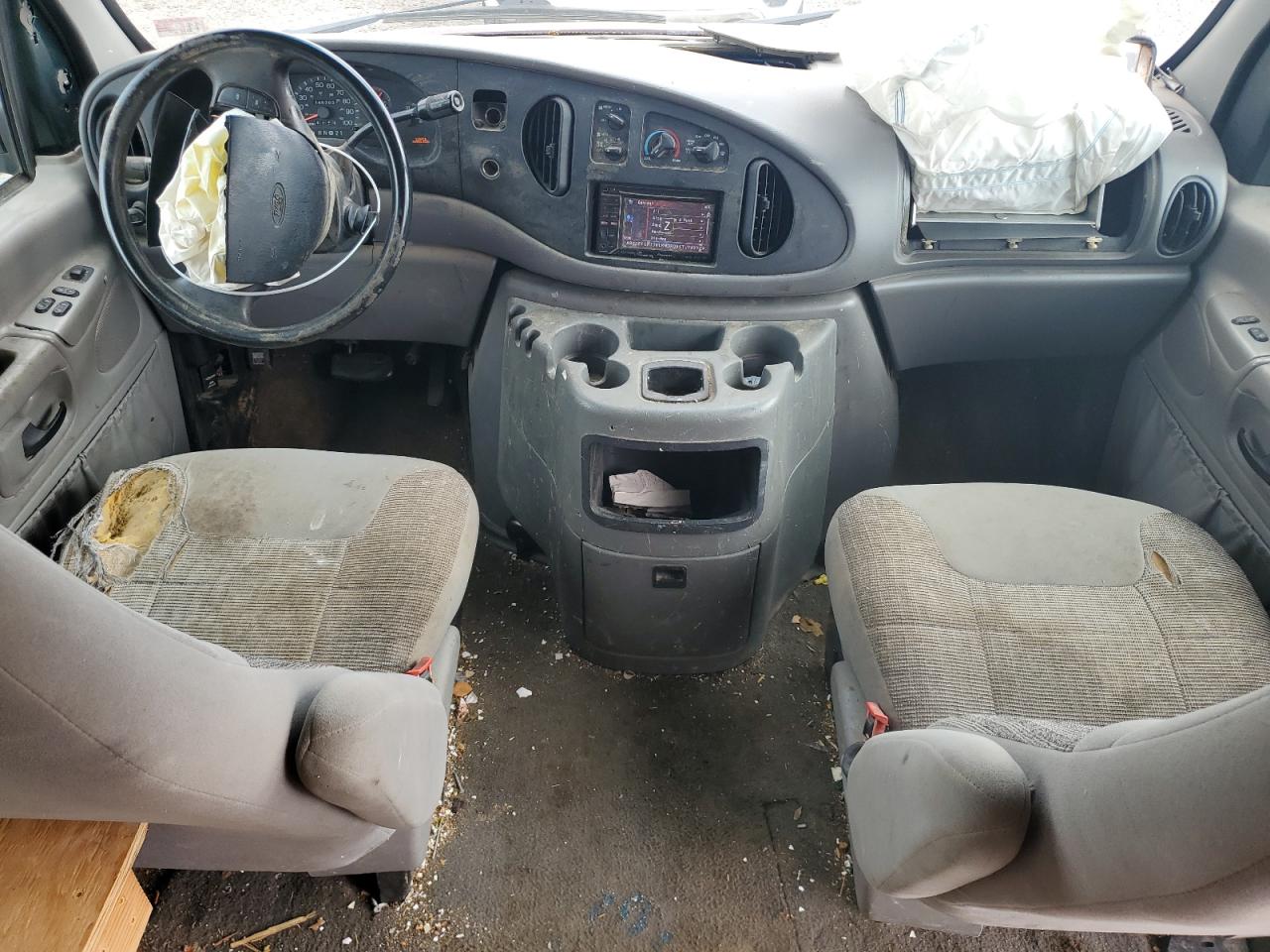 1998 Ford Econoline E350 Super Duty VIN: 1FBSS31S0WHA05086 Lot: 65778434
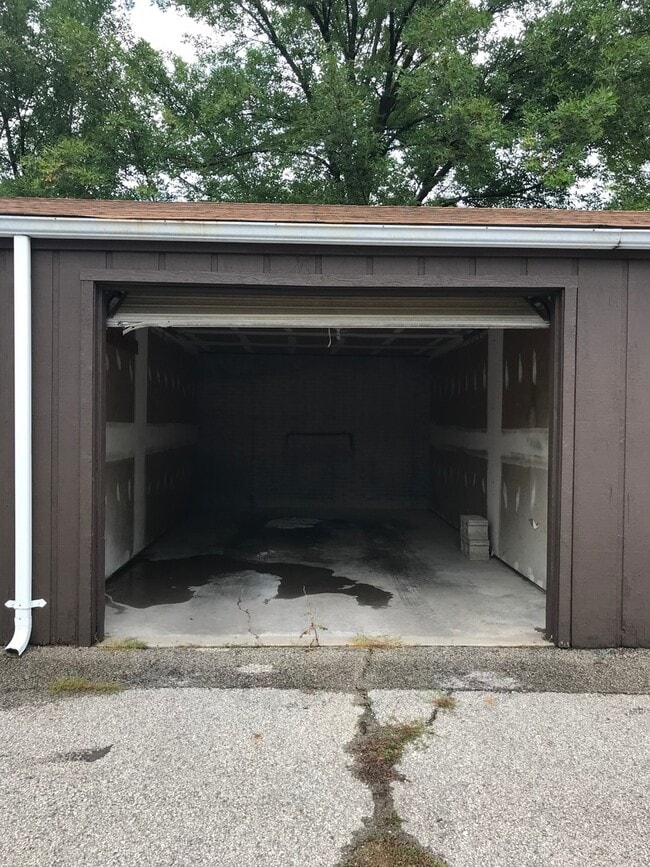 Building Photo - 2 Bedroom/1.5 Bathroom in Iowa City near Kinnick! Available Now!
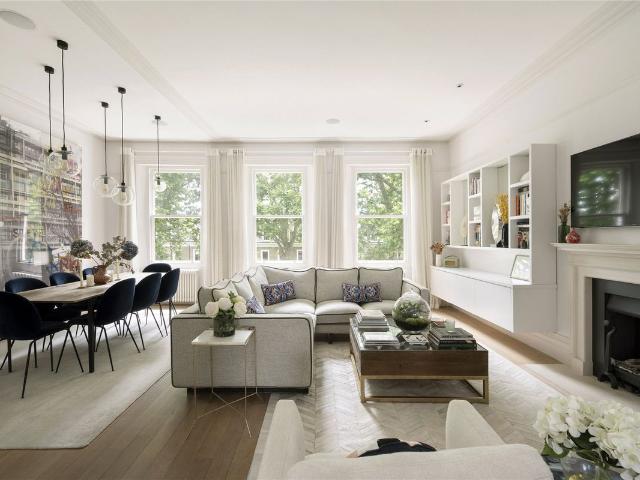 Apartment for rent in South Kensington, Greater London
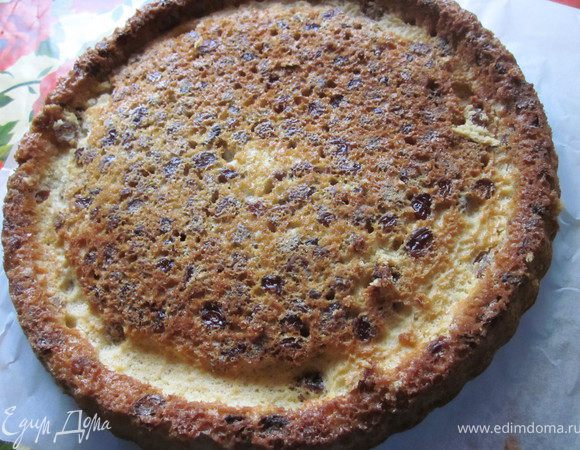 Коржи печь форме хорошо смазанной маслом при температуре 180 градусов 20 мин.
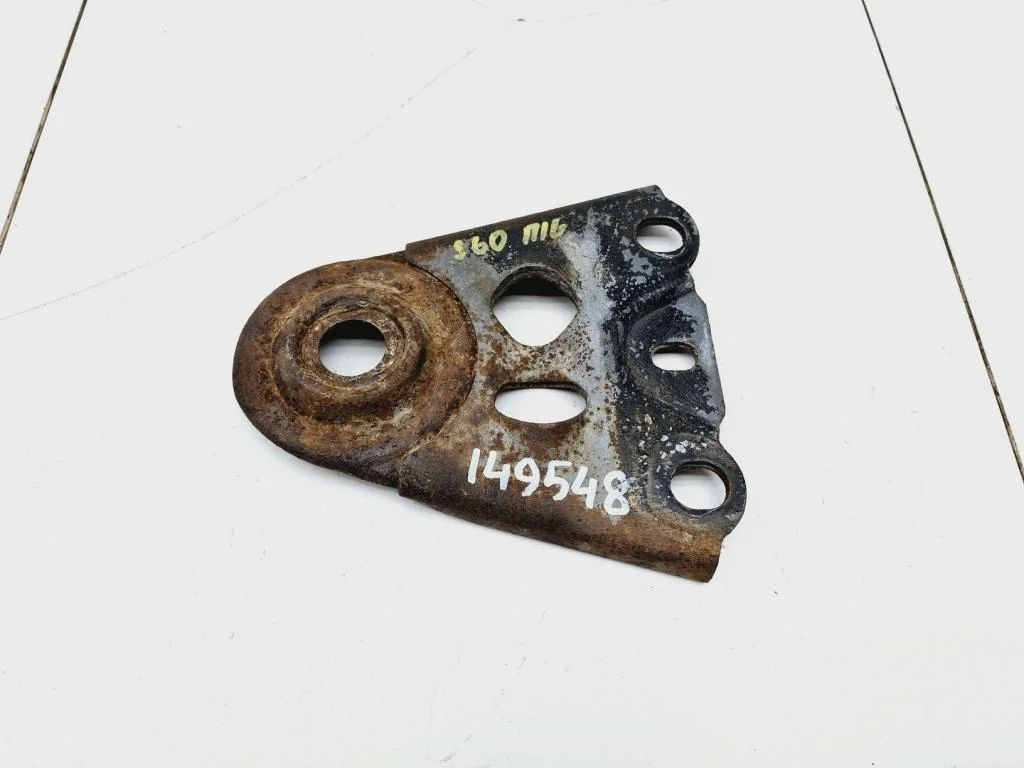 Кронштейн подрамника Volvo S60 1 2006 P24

^^^^^^^^

→ WHAT NEEDS TO BE DONE: The listing above, line by line: print it exactly, but not its pictures.

→ ANSWER BOX:
 1998 Ford Econoline E350 Super Duty VIN: 1FBSS31S0WHA05086 Lot: 65778434
 Building Photo - 2 Bedroom/1.5 Bathroom in Iowa City near Kinnick! Available Now!
 Apartment for rent in South Kensington, Greater London
 Коржи печь форме хорошо смазанной маслом при температуре 180 градусов 20 мин.
 Кронштейн подрамника Volvo S60 1 2006 P24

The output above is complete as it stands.